今津:津川さんは企画をきいて、どう思われたんですか。

津川:最初は武蔵野会としてそこにどういう風に関わるのか、ちょっとイメージが湧かなかったんです。ただ、武蔵野会は地域共生とか地域福祉とかを考えて仕事をしていて、それが地域の人に伝わっていなかったり、職員も自分たちの施設のことはよく知っているけれども、他の施設で何をやっているか知らないといった課題がありました。地域の人にも、法人内の職員同士でも、一生懸命さを知ってもらえるようなことができそうだと思って、やってみようとなりました。

「自分を愛するように、あなたの隣人を愛せよ」

今津:津川さんの図鑑のなかでも武蔵野会の理念がすごく大事だと語られていて、津川さん自身も働いている一人ひとりが大事にしていてほしいってよく言われているんですけど、その理念がこのプロジェクトや生誕の背景に関係していると思います。その辺りのについて教えていただけますか。

津川:武蔵野会には「自分を愛するように、あなたの隣人を愛せよ」という理念があるんです。私たちのなかでは「自分を愛するように」を「自己覚知」という言葉で表していて、「あなたの隣人を愛せよ」を「相互変容」と言っています。自分を理解することで隣の人のことも理解できるようになって、理解ができたところで自分が変われば周りの人も変わっていくってことを表していて、私はすごく好きで素晴らしいなと思っているんですよね。そして、本当は社会のなかでもそういう風になったらいいのになと思うんです。

法人内で理念は理解されていればいいっていう風に私たちは考えがちだったんですけど、今津さんは法人外でも理解を深めてもらうべきだって言ってくれた。そうすることで、社会や武蔵野会だけじゃなく、田中さんが言う教育にとっても、いいことが起こるかもしれないからやっていこうかという話になったんです。

今津:田中さん。ふくしデザインゼミのテーマが「福祉をひらく」なんですが、津川さんの話とつながるところはありますか。

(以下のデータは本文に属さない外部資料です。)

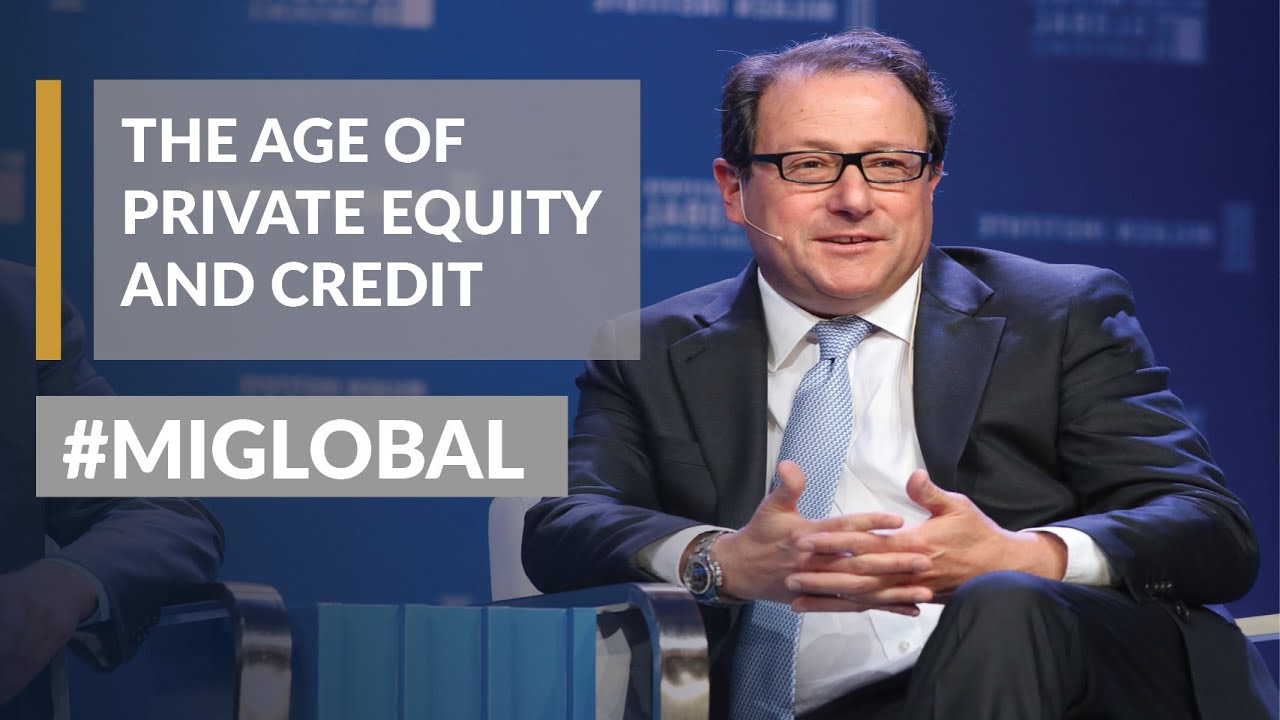 The Age of Private Equity and Credit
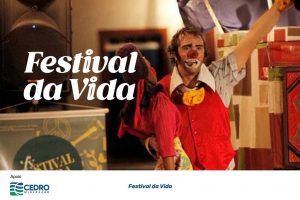 Após o período da pandemia, a arte tomará conta. A cidade de Nova Lima receberá shows de música, teatro, oficinas, palestras e exposições. Um festival que já viu 14 edições, agora em Nova Lima.Festival da Vida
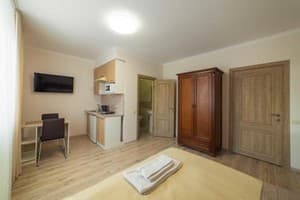 Отель Villa Zhanna Central Park. Студио двухместный с балконом 3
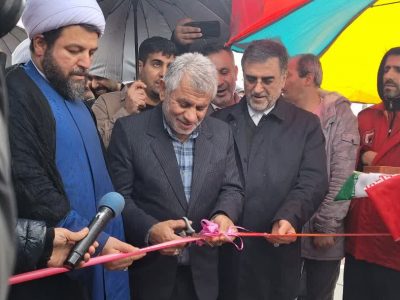 کلنگ‌زنی، بازدید و افتتاح پروژه‌های شهرستان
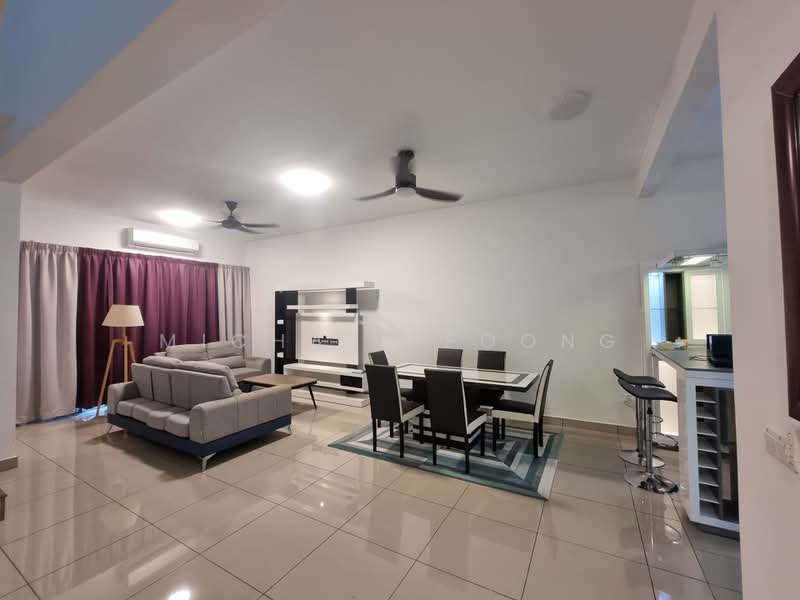 Rumah Teres 2 Tingkat untuk Disewa di Dengkil (Selangor) - Michael Foong - Living Room - PropertyGuru.com.my
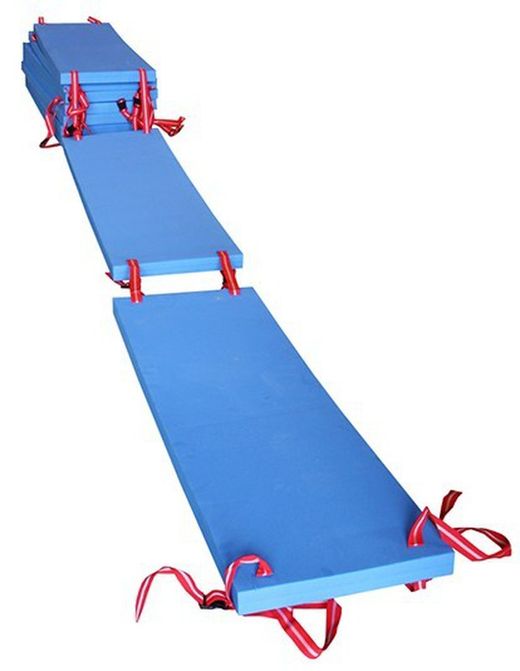 Ponte de 9 corpos de plastazote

田中:そうですね。武蔵野会の理念が外に伝わるというのは、デザイン的な考えや福祉的な考え方がいろんな業界に入ってほしいっていう話と一緒だと思います。それぞれのなかで完結しているのってもったいないことで、それぞれの分野や領域が越境しあって混ざり合うことで豊かなものを生み出すんじゃないかなと思っています。結局、境界線をきっちり引いてしまうから分断が起こるっていうこともあると思うんですよ。そういう意味で言うと今回は「武蔵野会に関わる人図鑑をつくろう」の「に関わる」という部分。立場や組織は外なんだけど、仲間でもある法人外の人を含めて境界を曖昧にすることをプロジェクトを通してもやってきました。

8ヶ月をふりかえる

今津:お二人に今日の場にいたるまで、やってみての感想をいただきたいと思います。

田中:いやあ、思ったより過酷だったなと(笑)

津川:最初考えていたよりみんな苦労したし、がんばったし、本当にありがたかったなと思っています。ここまで本当によく辿り着いたなという感想です。編集者の小松理虔さんも言ってましたけど、自分でやっちゃえばすごく楽だしすぐ終わるんだけど、学生さんと一緒にやるからには一緒にまとめ上げたいって。田中さんも自分一人ではなくて学生と一緒の仕事という風にやってくださったので、より時間も使ったでしょうし。

田中:ぼくは自分が学生の時にチャレンジする場とか、いろんな大人との出会いとかもっとあったらよかったなと思うし、そういう場がどんどんできたらいいんじゃないかなと純粋に思ってやっている感じでした。福祉に興味がある学生とデザインに興味がある学生に集まってほしいって思ったのも、デザインの学生はプロジェクトに自分から参加するような積極的な子が多いなってイメージがあって、福祉の学生は控え目だけど真面目にこつこつやる子が多いなみたいに、それぞれいいところがあるんだけど、それぞれ足りないところを補完しあうような関係もあったらいいなと思っていたんですよね。

今後に向けて!

今津:最後に、今後について考えていることはありますか。

田中:今回18人取材したうち、武蔵野会さんの職員でいうと12,3人とかで、全体の職員数が1200だから100分の1とかしか取材してないんですよね。例えば武蔵野会さんの職員100人分の図鑑ができると「武蔵野会はこういう人の集まりだ」みたいなのが見えてくるんじゃないかなと思っています。あとは、境界線の話にもつながるんですけど、武蔵野会で始まった図鑑づくりがいろんなところで行われて「福祉に関わる100人の図鑑」みたいになっても面白いのかなと思います。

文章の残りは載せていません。